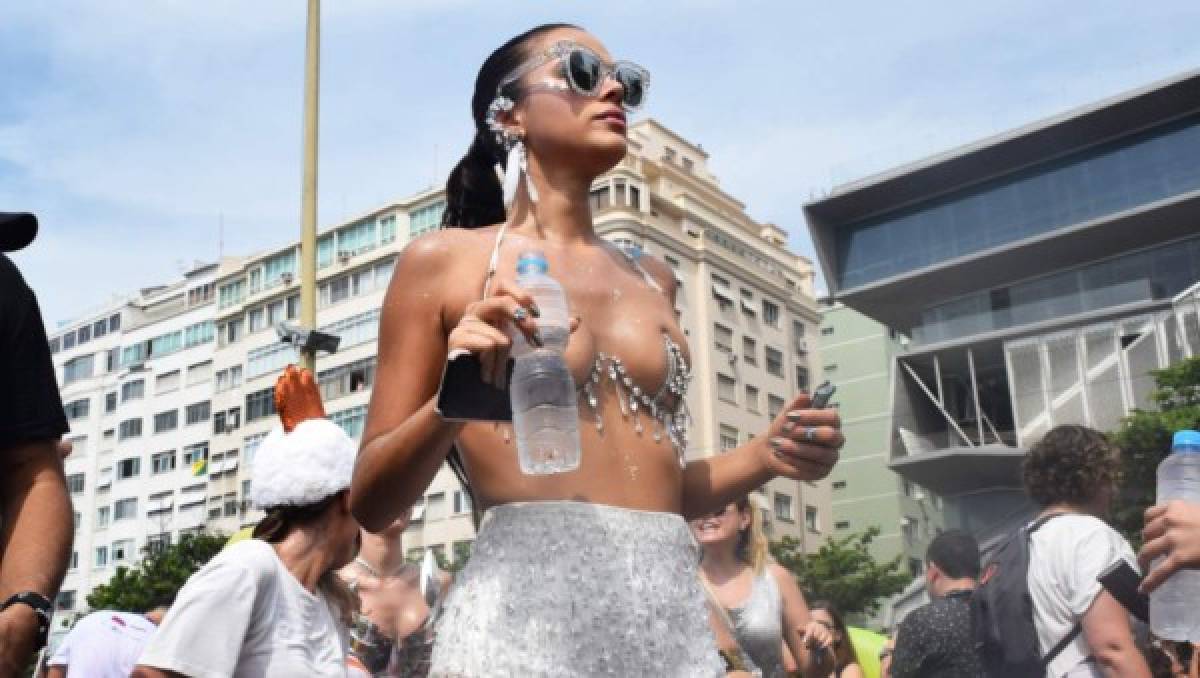 El sensual y atrevido vestido de Bruna Marquezine en el carnaval Brasil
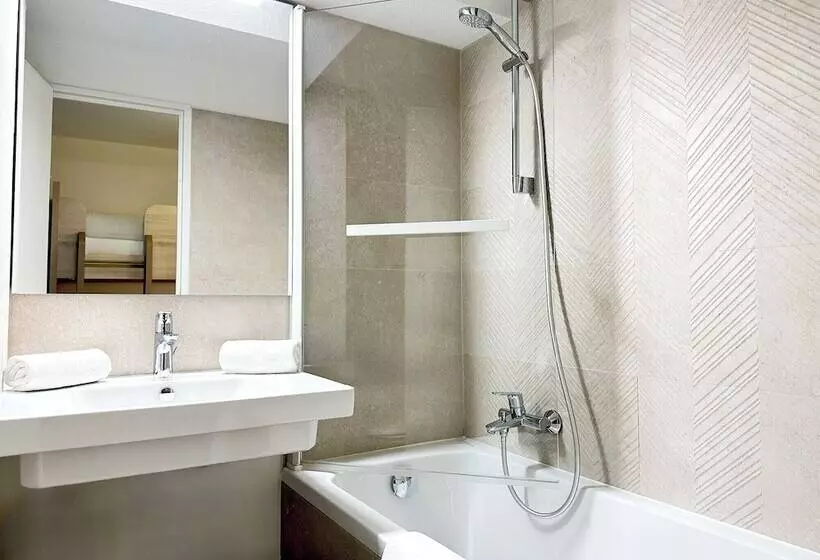 住所  Garden & City Cauterets Balneo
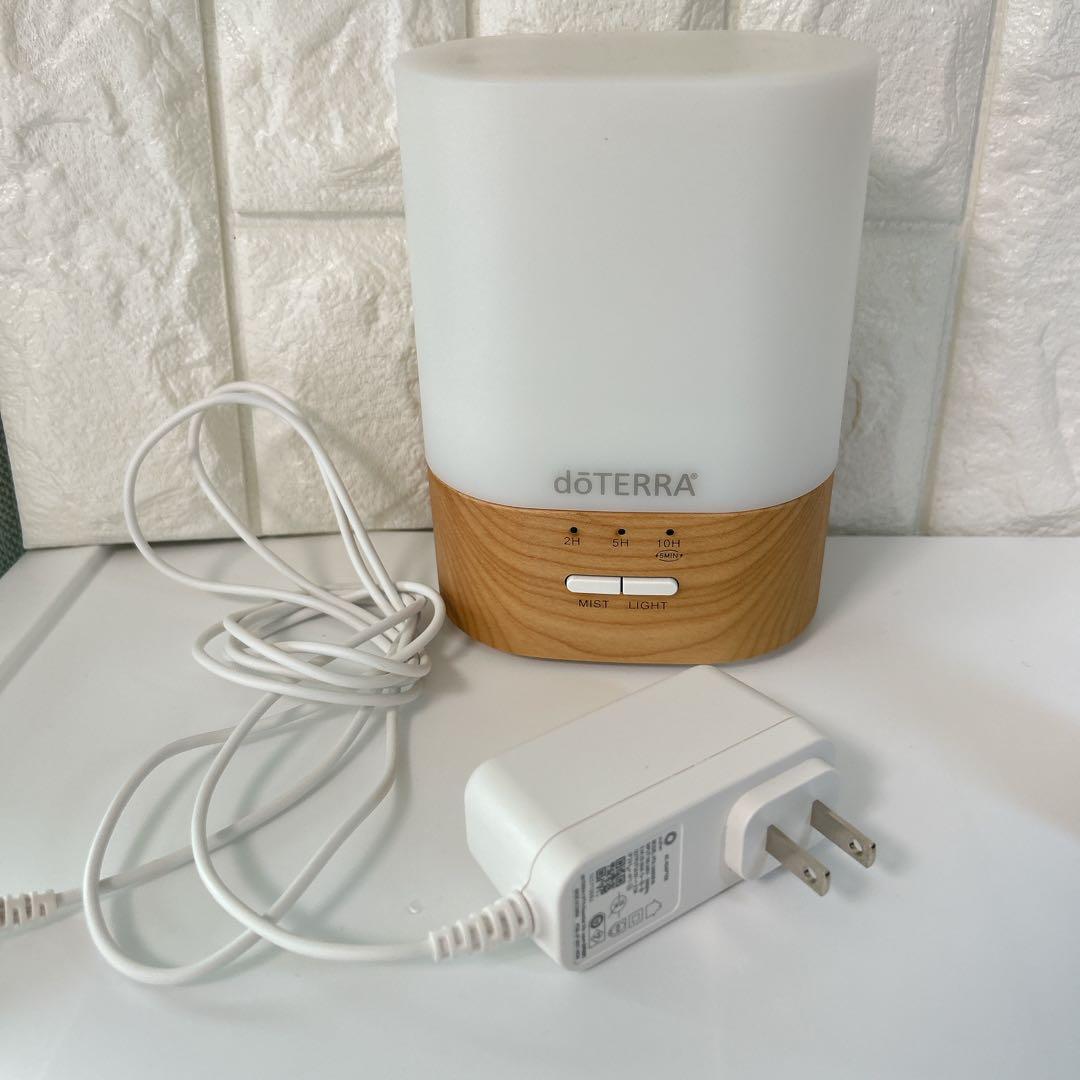 ⚠︎jeekプロフ必読でm(_ _)m⚠︎エッセンシャルオイル　木箱　開封済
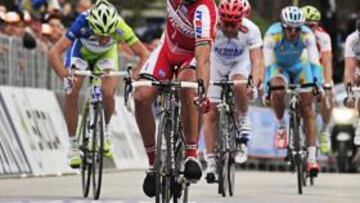 Purito vence con un ataque a un kilómetro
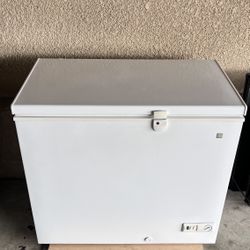 Deep Freeze/ Chest Freezer - Good Condition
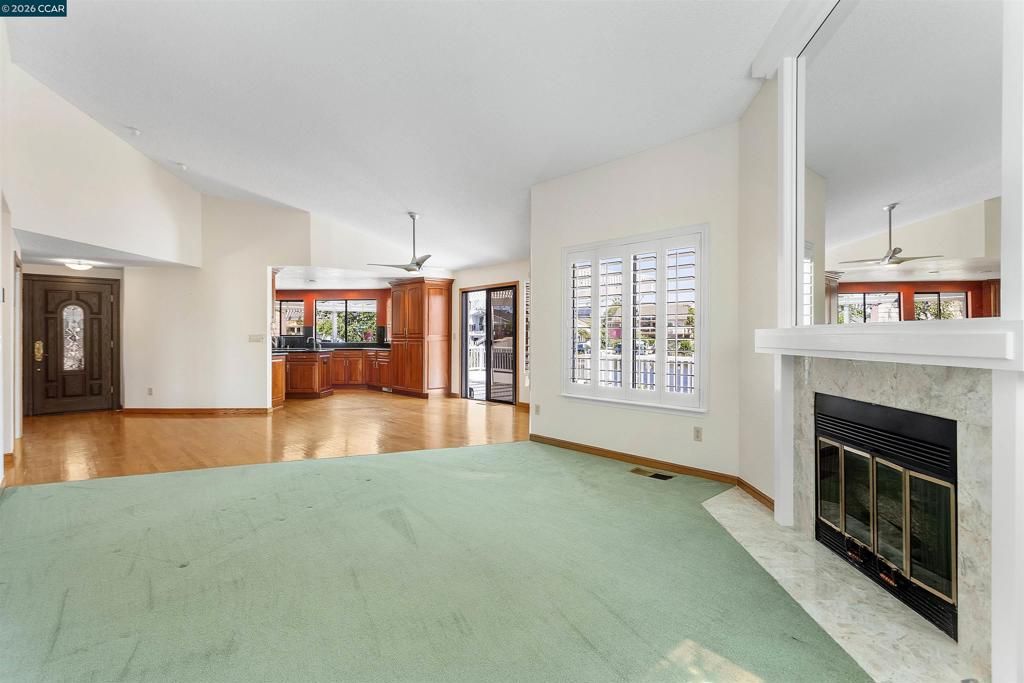 Image 6 of property listing at 4731 Spinnaker Way, Discovery Bay, CA 94505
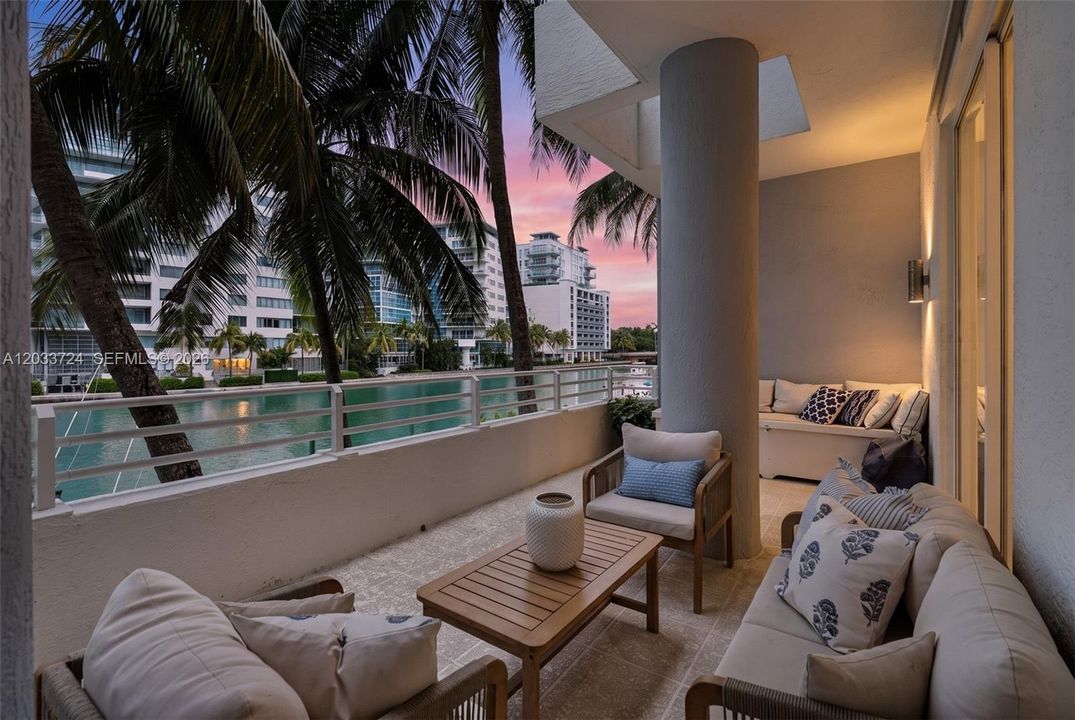 En Venta: $799,000 (2 camas, 2 baños, 1331 Pies cuadrados)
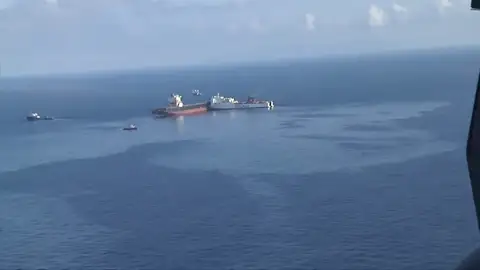 Derrame de combustible frente a las costas de Córcega por una colisión entre dos barcos mercantes Derrame de combustible frente a las costas de Córcega por una colisión entre dos barcos mercantes
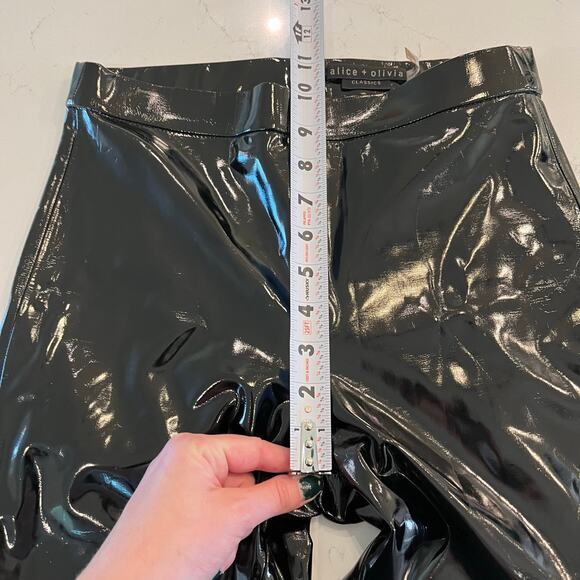 alice + olivia Maddox Back Zip Vegan Leather Leggings Pants size 4 - Picture 10 of 11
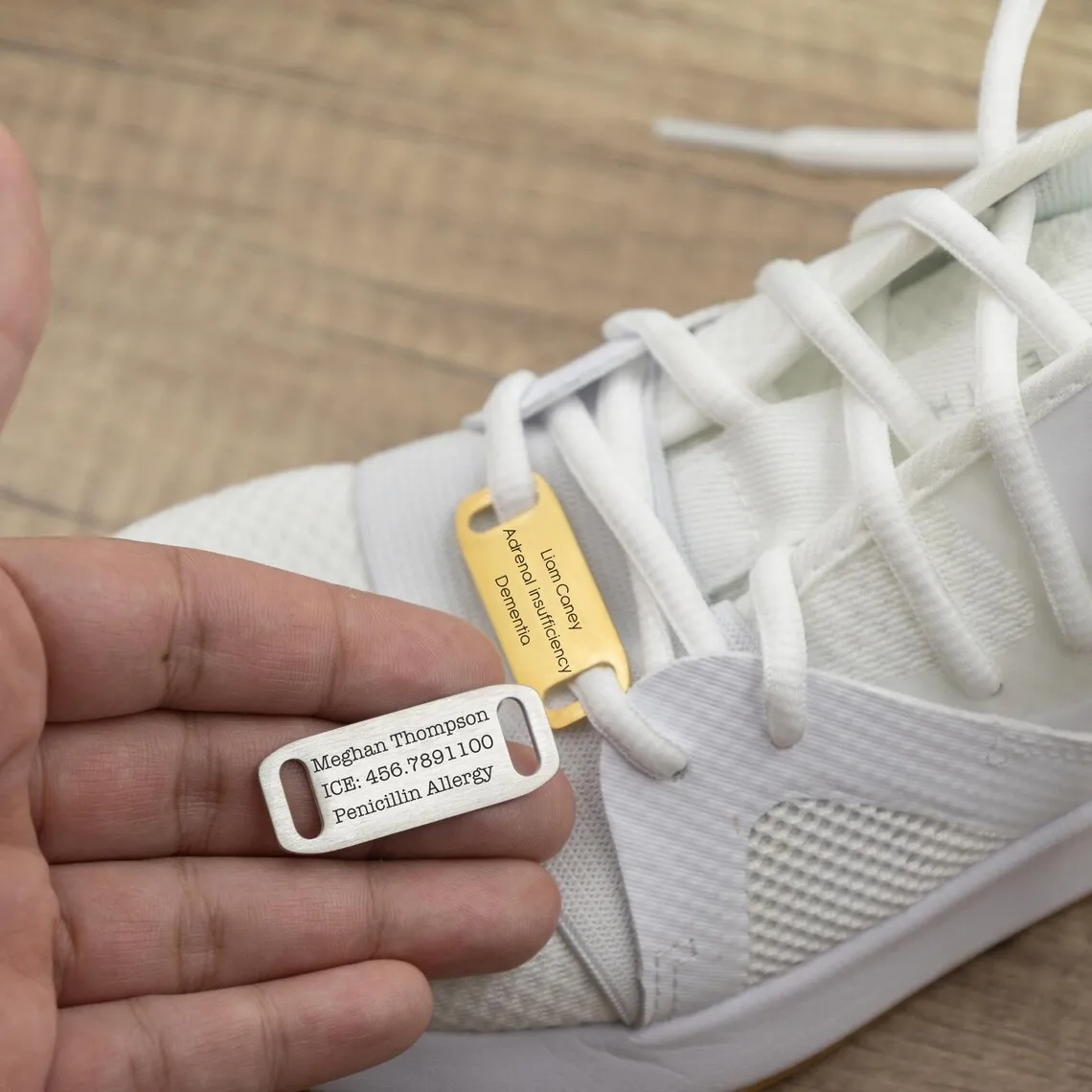 Custom Metal Shoe Buckle Medical Id Tag Shoelace Charms for Sneakers Shoes Accessories Runner Safety Emergency Contact Card
Custom Metal Shoe Buckle Medical Id Tag Shoelace Charms for Sneakers Shoes Accessories Runner Safety Emergency Contact Card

++++++++++++++++++++

TASK REQUIREMENTS
Please set down every line of the listing verbatim, excluding its pictures.

RESULT FOR THIS TASK
 El sensual y atrevido vestido de Bruna Marquezine en el carnaval Brasil
 住所  Garden & City Cauterets Balneo
 ⚠︎jeekプロフ必読でm(_ _)m⚠︎エッセンシャルオイル　木箱　開封済
 Purito vence con un ataque a un kilómetro
 Deep Freeze/ Chest Freezer - Good Condition
 Image 6 of property listing at 4731 Spinnaker Way, Discovery Bay, CA 94505
 En Venta: $799,000 (2 camas, 2 baños, 1331 Pies cuadrados)
 Derrame de combustible frente a las costas de Córcega por una colisión entre dos barcos mercantes Derrame de combustible frente a las costas de Córcega por una colisión entre dos barcos mercantes
 alice + olivia Maddox Back Zip Vegan Leather Leggings Pants size 4 - Picture 10 of 11
 Custom Metal Shoe Buckle Medical Id Tag Shoelace Charms for Sneakers Shoes Accessories Runner Safety Emergency Contact Card
Custom Metal Shoe Buckle Medical Id Tag Shoelace Charms for Sneakers Shoes Accessories Runner Safety Emergency Contact Card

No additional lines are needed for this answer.